▶ [PROBLEM STATEMENT] In the records below, find the line containing "Charter jet privé Budapest vers Londres" and the line containing "Guillotine Framed Canvas Gallery Wrap". Give again exactly those lines and every line between them, omitting the pictures.

___ DATA FOR ANALYSIS ___

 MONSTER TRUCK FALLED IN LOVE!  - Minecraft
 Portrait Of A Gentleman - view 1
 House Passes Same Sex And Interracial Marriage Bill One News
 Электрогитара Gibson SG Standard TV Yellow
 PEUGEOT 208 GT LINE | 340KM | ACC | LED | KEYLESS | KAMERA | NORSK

___
___ DATA FOR ANALYSIS ___

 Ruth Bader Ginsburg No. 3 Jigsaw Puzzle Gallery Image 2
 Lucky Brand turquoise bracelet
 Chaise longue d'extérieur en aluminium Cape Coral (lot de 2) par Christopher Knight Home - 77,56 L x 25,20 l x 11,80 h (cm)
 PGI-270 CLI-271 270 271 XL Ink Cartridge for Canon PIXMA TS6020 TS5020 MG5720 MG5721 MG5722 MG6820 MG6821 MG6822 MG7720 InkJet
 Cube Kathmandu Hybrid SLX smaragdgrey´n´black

___
___ DATA FOR ANALYSIS ___

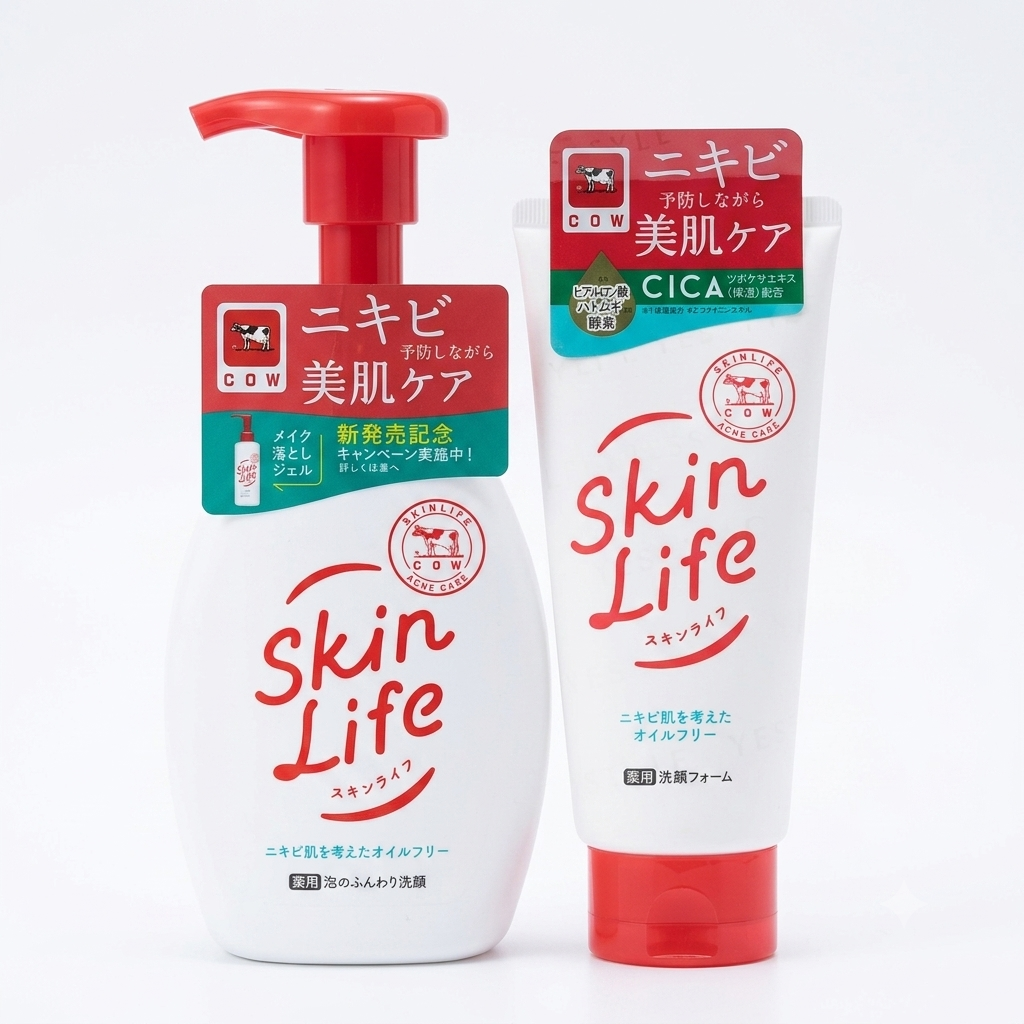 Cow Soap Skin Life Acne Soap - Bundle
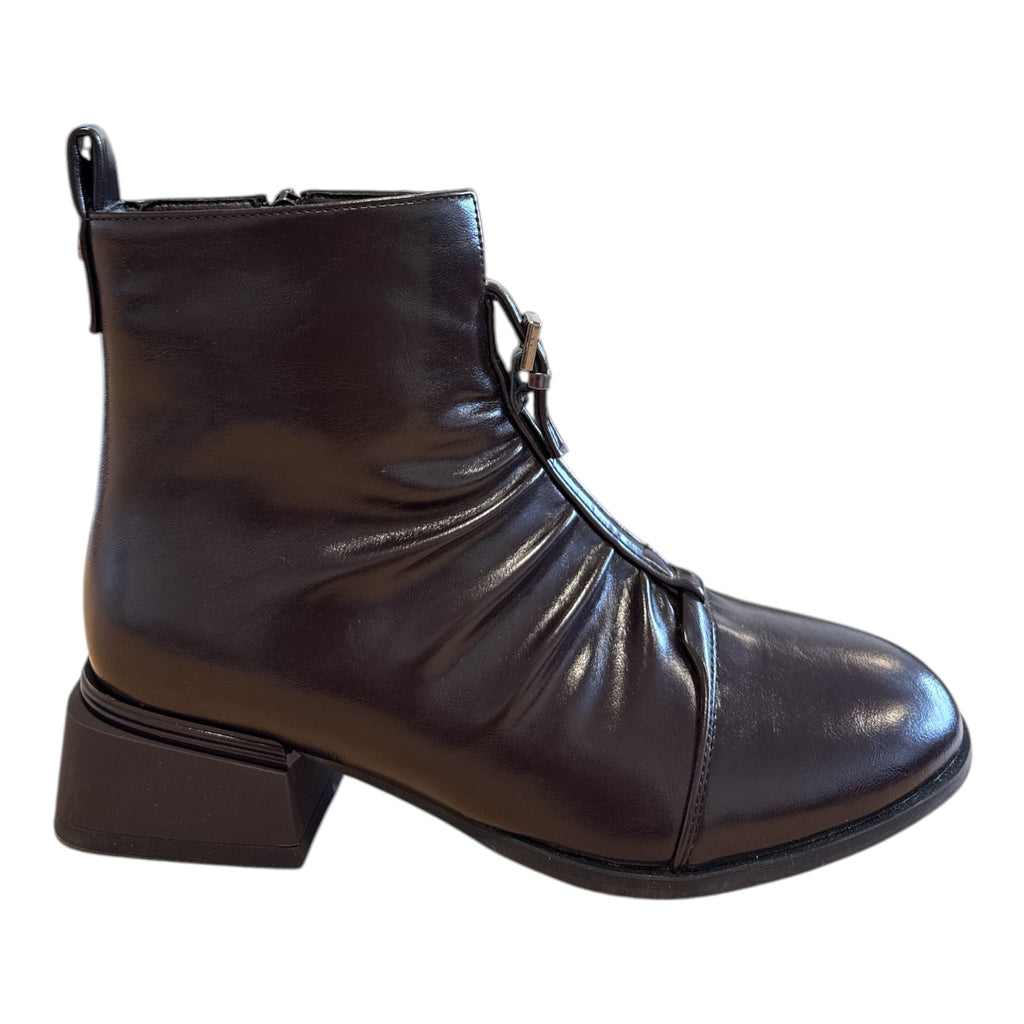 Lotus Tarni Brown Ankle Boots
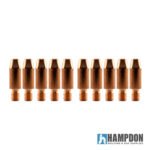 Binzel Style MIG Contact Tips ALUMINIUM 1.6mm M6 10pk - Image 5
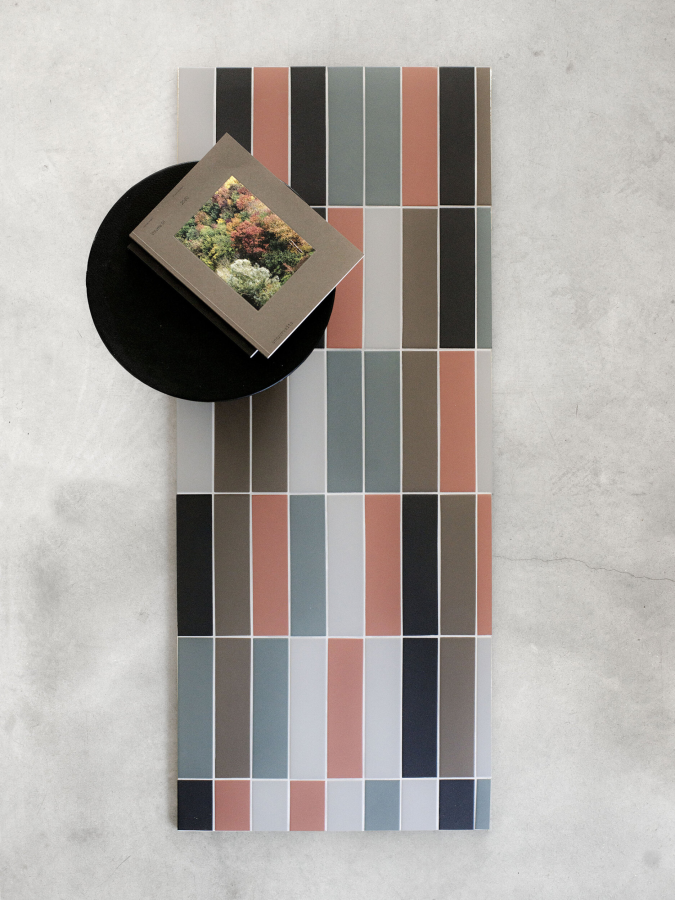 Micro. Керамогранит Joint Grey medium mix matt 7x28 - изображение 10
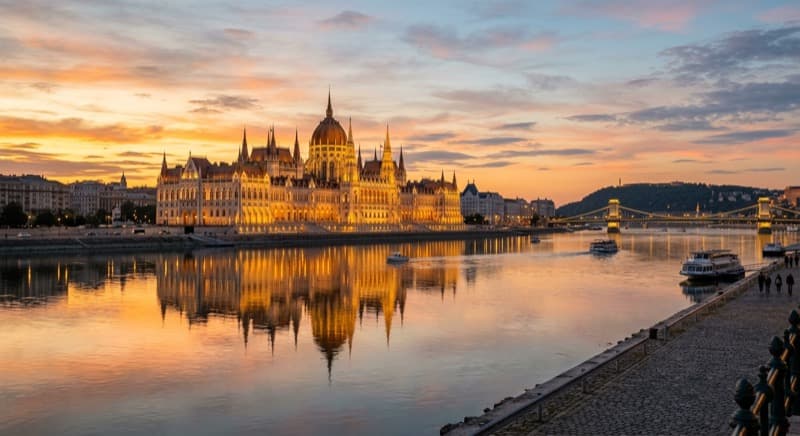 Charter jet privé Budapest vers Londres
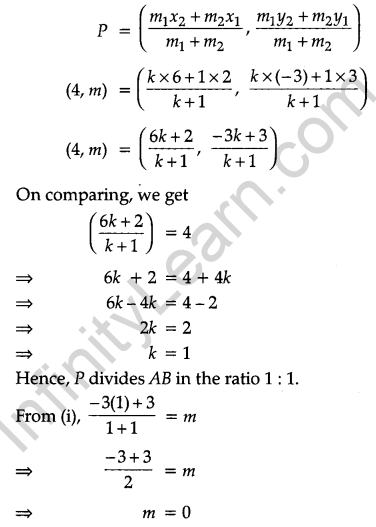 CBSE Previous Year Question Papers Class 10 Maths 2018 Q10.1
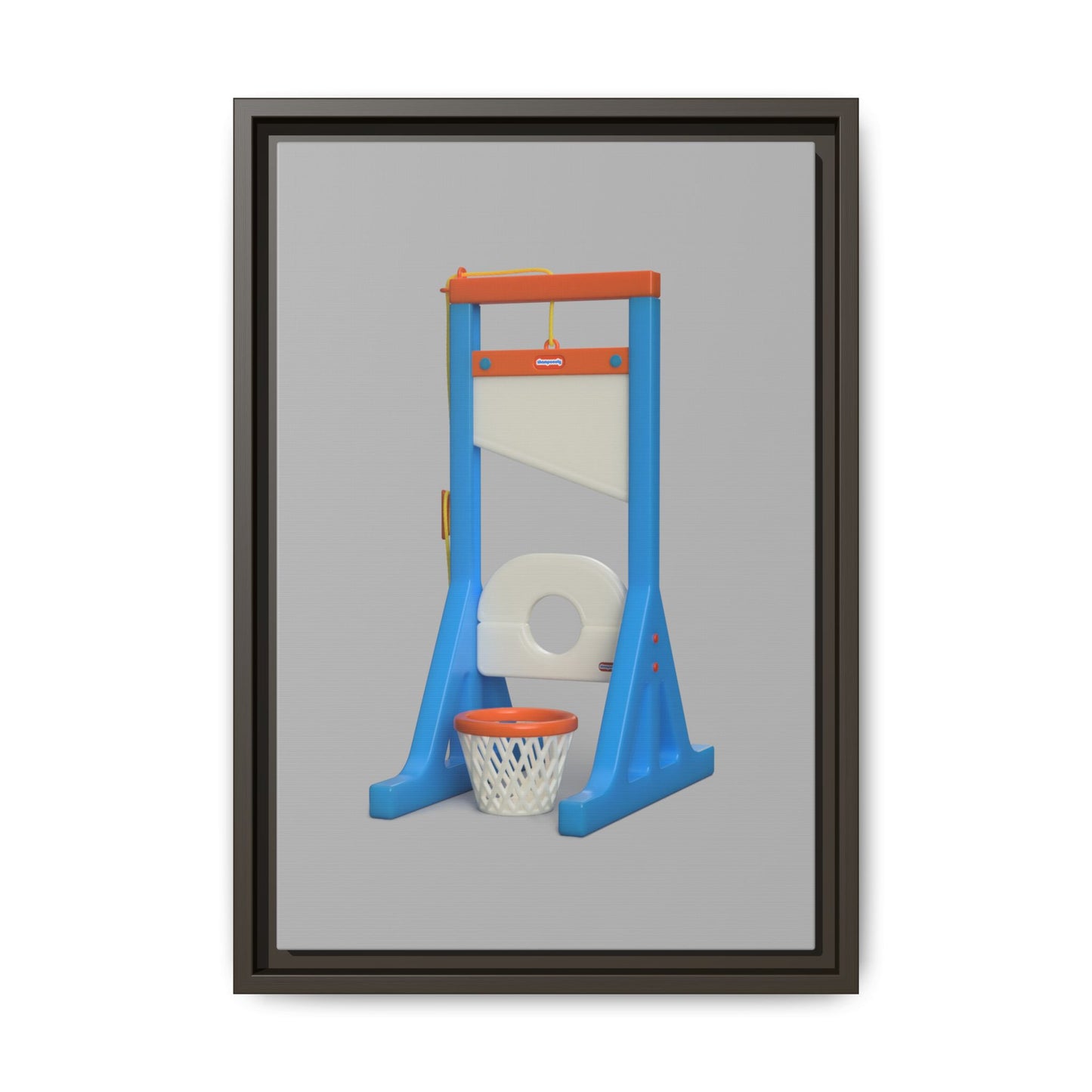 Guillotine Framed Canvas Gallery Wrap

___

▶ [RESULT OF THE EXERCISE]
 Charter jet privé Budapest vers Londres
 CBSE Previous Year Question Papers Class 10 Maths 2018 Q10.1
 Guillotine Framed Canvas Gallery Wrap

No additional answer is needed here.